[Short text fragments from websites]
== Segment start ==
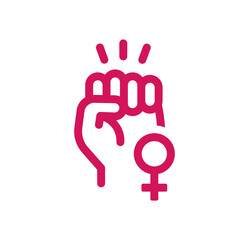 Woman symbol feminism power female icon vector illustration.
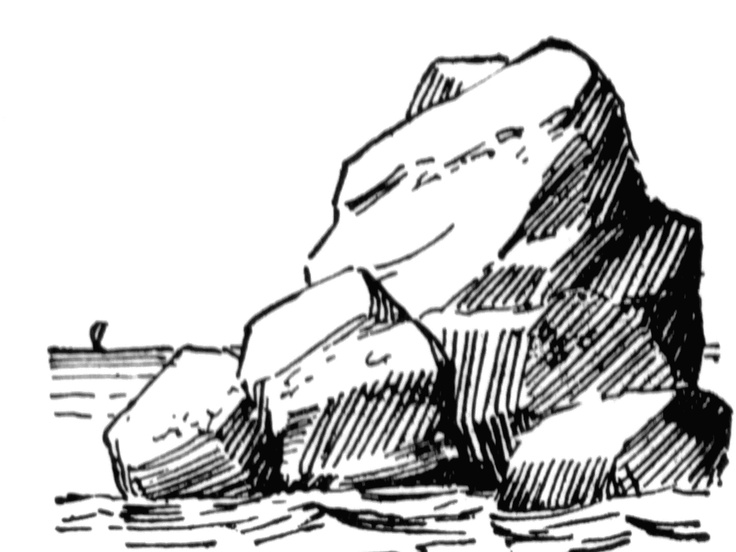 an ink drawing of rocks in the water with one rock sticking out of it's side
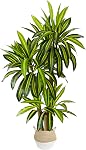 Warmplants Artificial Dracaena Tree, 6ft Tall Fake Dracaena Plant with Basket, Indoor Outdoor Faux Topiary Yucca Trees for Office Home Living Room Porch Patio Décor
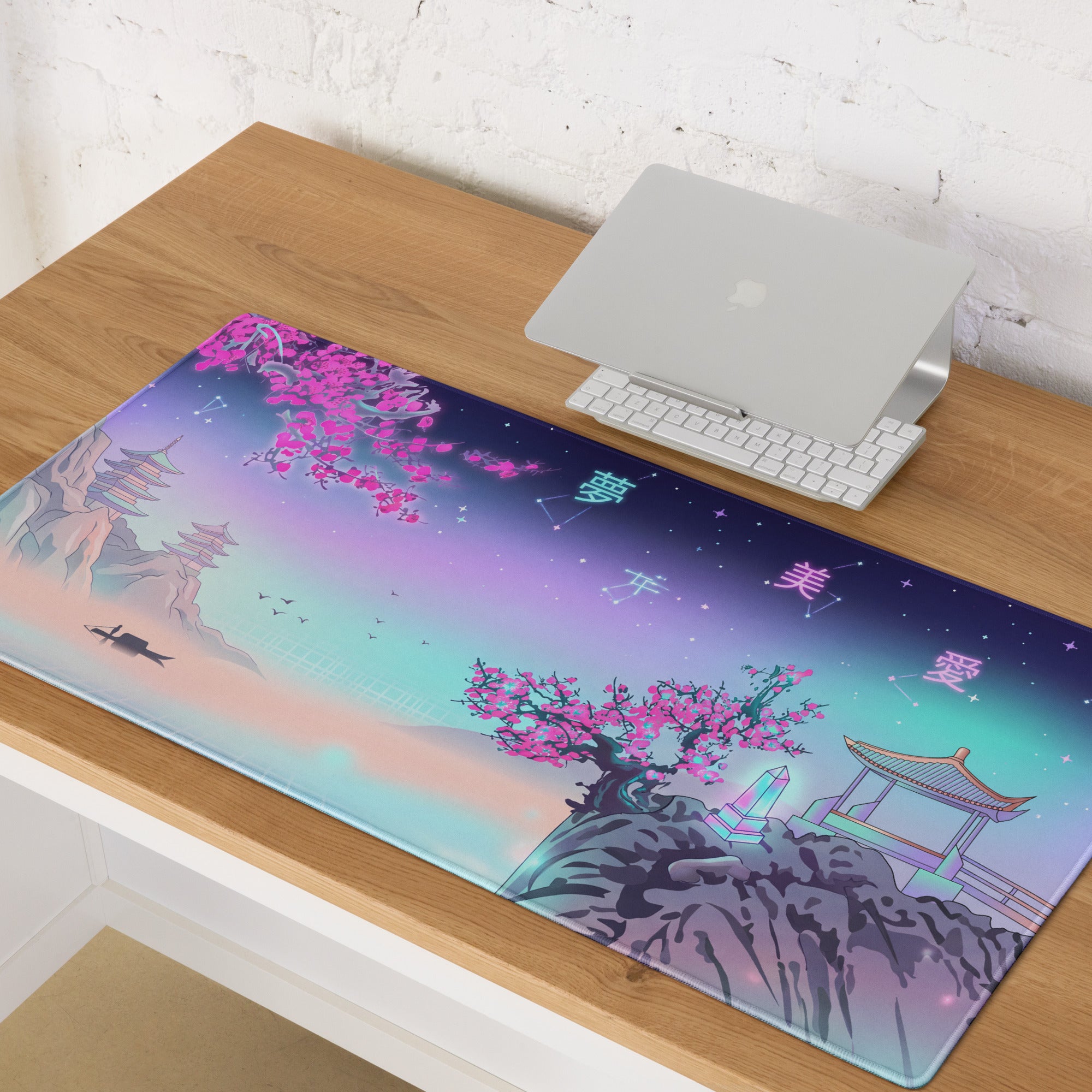Vaporwave Neon Mood Mouse Pad - Mouse Pad Neon Pink Teal Vaporwave Setup Dreamy Retro Futuristic Neon City Digital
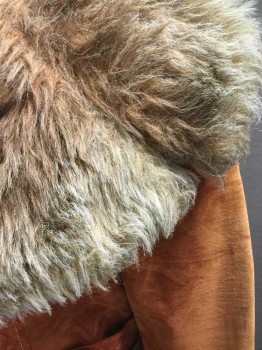 Womens, Coat, N/L, Rust Orange, Brown, Synthetic, Faux Fur, Solid, W32, B34/36, Rust Flocked Fabric, Brown Faux Fur Collar & Cuffs, Double Breast,  3/4 Length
== Segment end ==
### TASK GOAL
Since the pictures are not wanted, copy only the text of the records above, exactly.

### WRITTEN RESPONSE
 Woman symbol feminism power female icon vector illustration.
 an ink drawing of rocks in the water with one rock sticking out of it's side
 Warmplants Artificial Dracaena Tree, 6ft Tall Fake Dracaena Plant with Basket, Indoor Outdoor Faux Topiary Yucca Trees for Office Home Living Room Porch Patio Décor
Vaporwave Neon Mood Mouse Pad - Mouse Pad Neon Pink Teal Vaporwave Setup Dreamy Retro Futuristic Neon City Digital
 Womens, Coat, N/L, Rust Orange, Brown, Synthetic, Faux Fur, Solid, W32, B34/36, Rust Flocked Fabric, Brown Faux Fur Collar & Cuffs, Double Breast,  3/4 Length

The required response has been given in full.